Look below for the line with "ブニャ🐈‍⬛とエンカウントす" and the line with "People of The Dark Raw Chapter 46 Page 4"; repeat exactly those two lines and all lines between them, but no pictures.
Top of Data provided
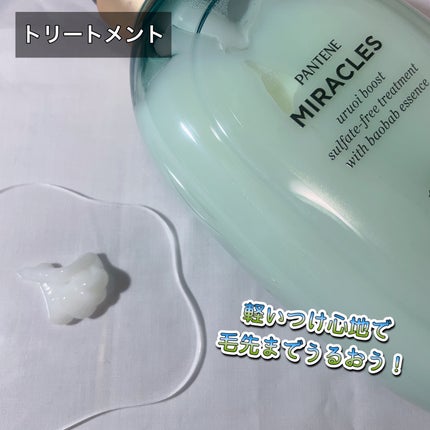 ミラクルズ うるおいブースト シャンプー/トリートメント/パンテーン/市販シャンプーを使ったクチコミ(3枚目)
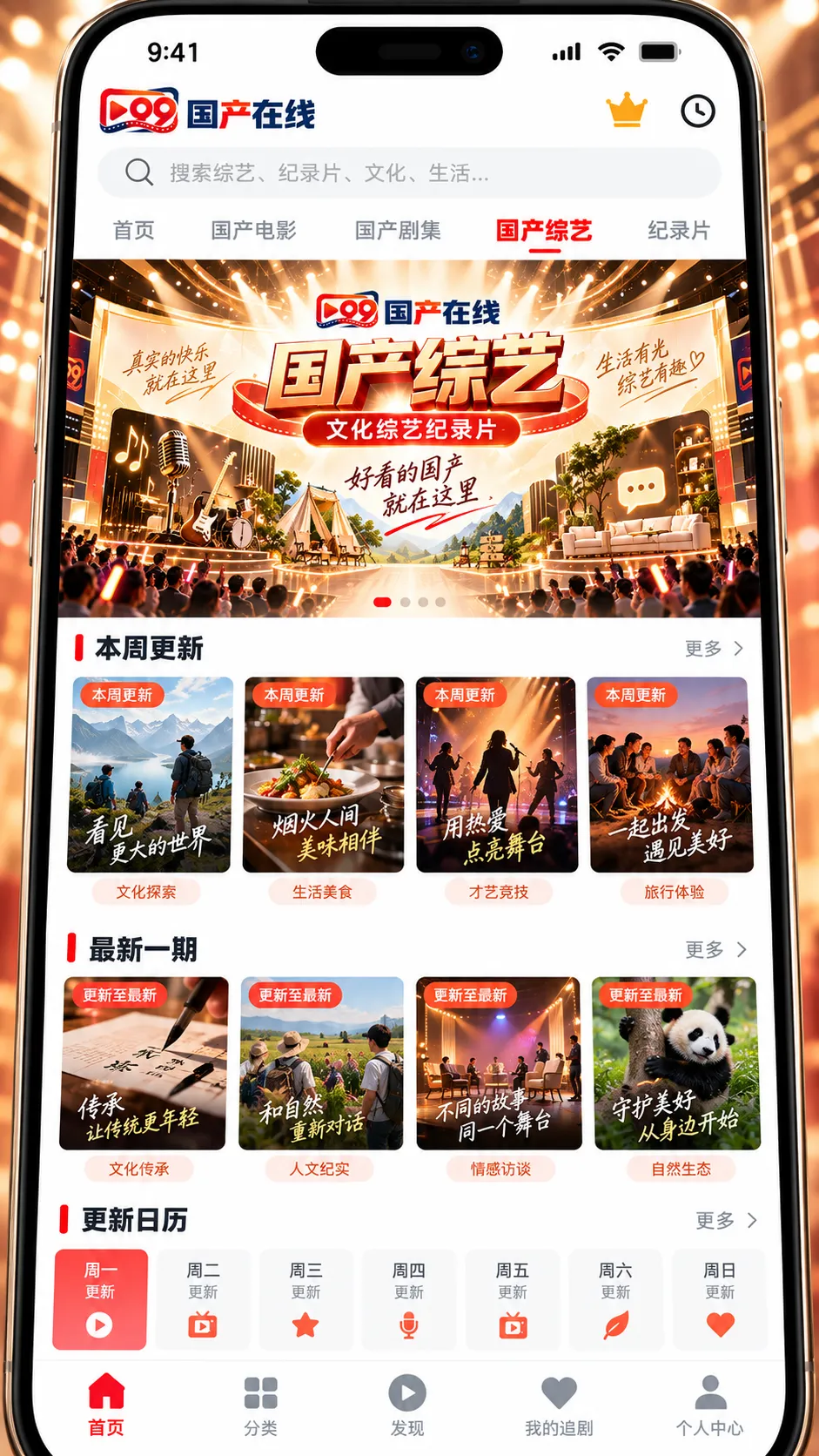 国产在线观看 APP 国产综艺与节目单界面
Bottom of Data provided
Top of Data provided
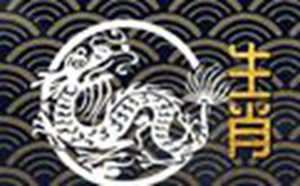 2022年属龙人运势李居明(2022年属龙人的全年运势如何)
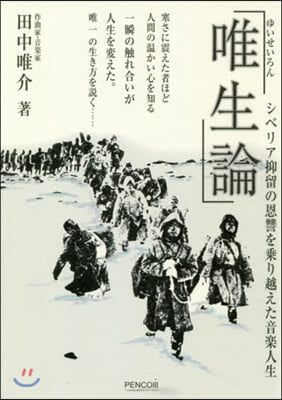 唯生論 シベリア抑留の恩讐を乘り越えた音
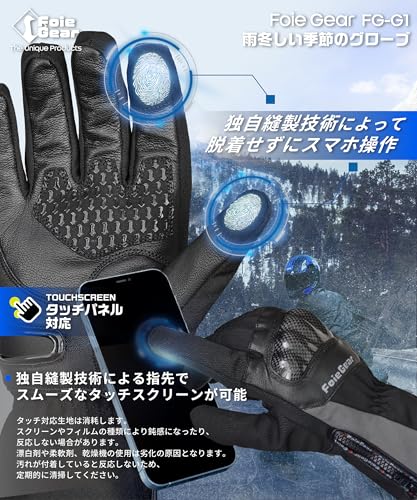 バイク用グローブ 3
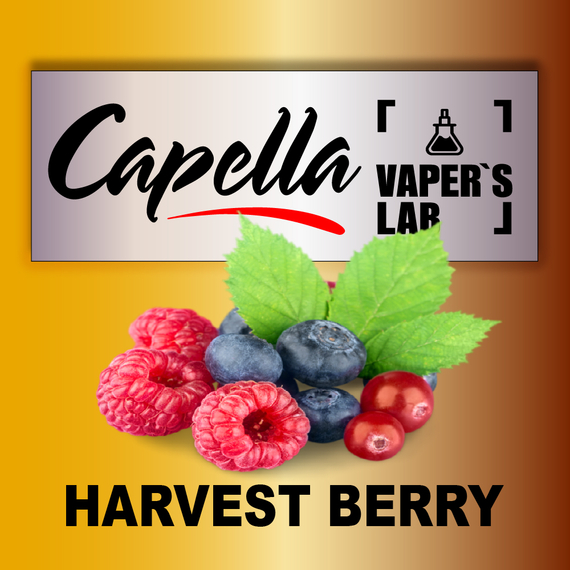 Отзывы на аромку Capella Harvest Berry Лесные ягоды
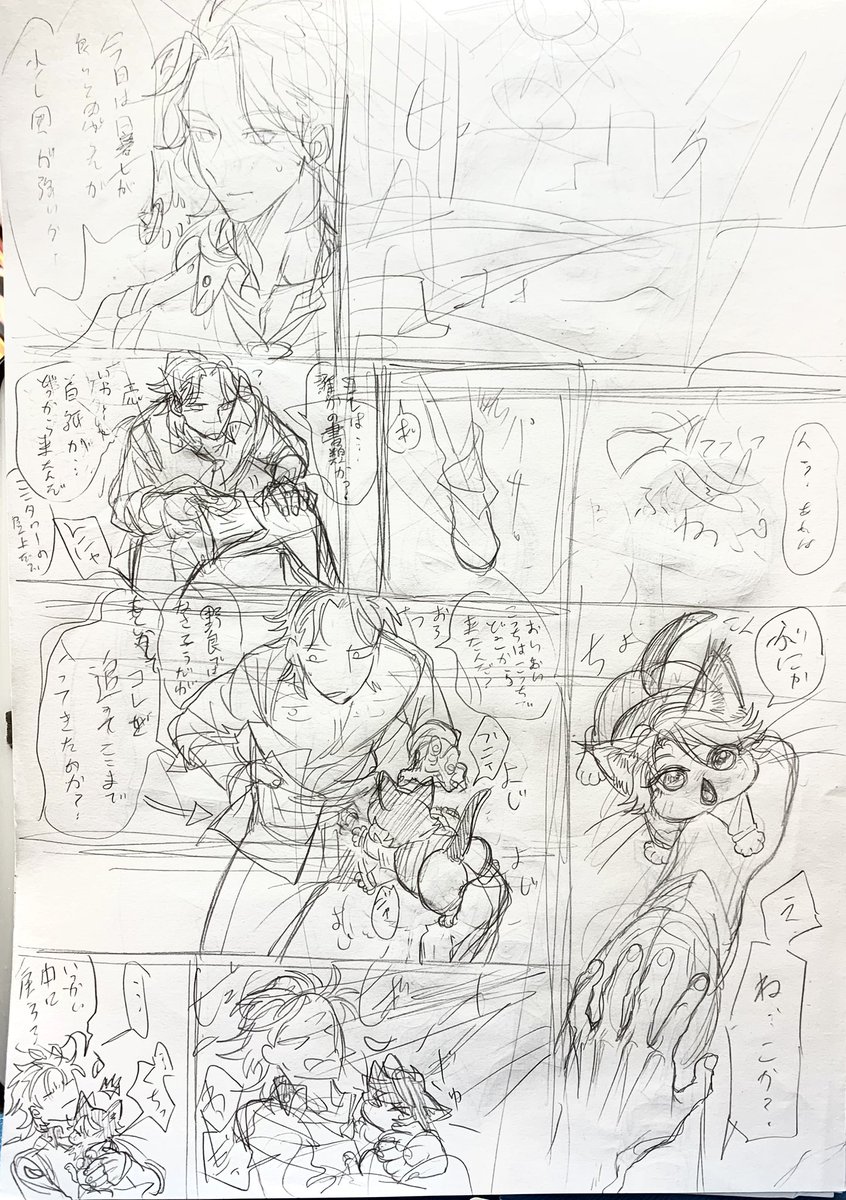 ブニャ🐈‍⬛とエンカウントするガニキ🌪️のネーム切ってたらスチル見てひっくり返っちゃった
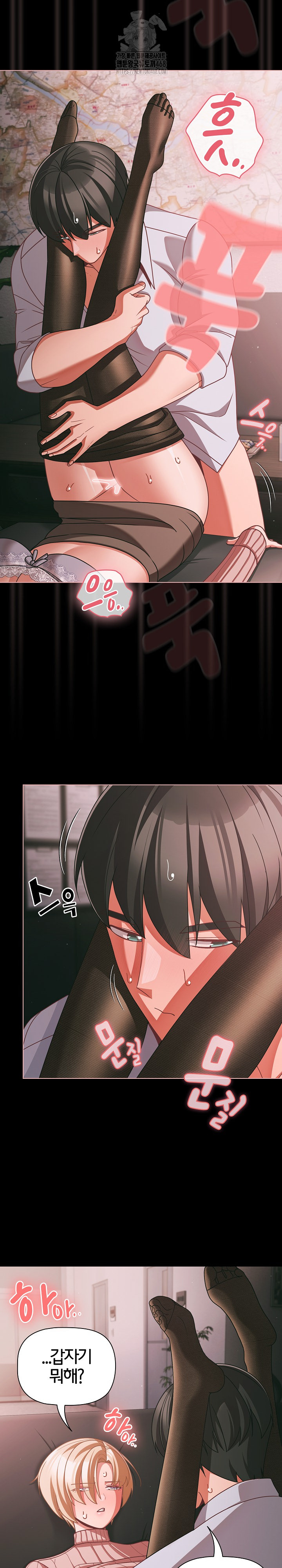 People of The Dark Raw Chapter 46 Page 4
Bottom of Data provided
Answer to this exercise:
 ブニャ🐈‍⬛とエンカウントするガニキ🌪️のネーム切ってたらスチル見てひっくり返っちゃった
 People of The Dark Raw Chapter 46 Page 4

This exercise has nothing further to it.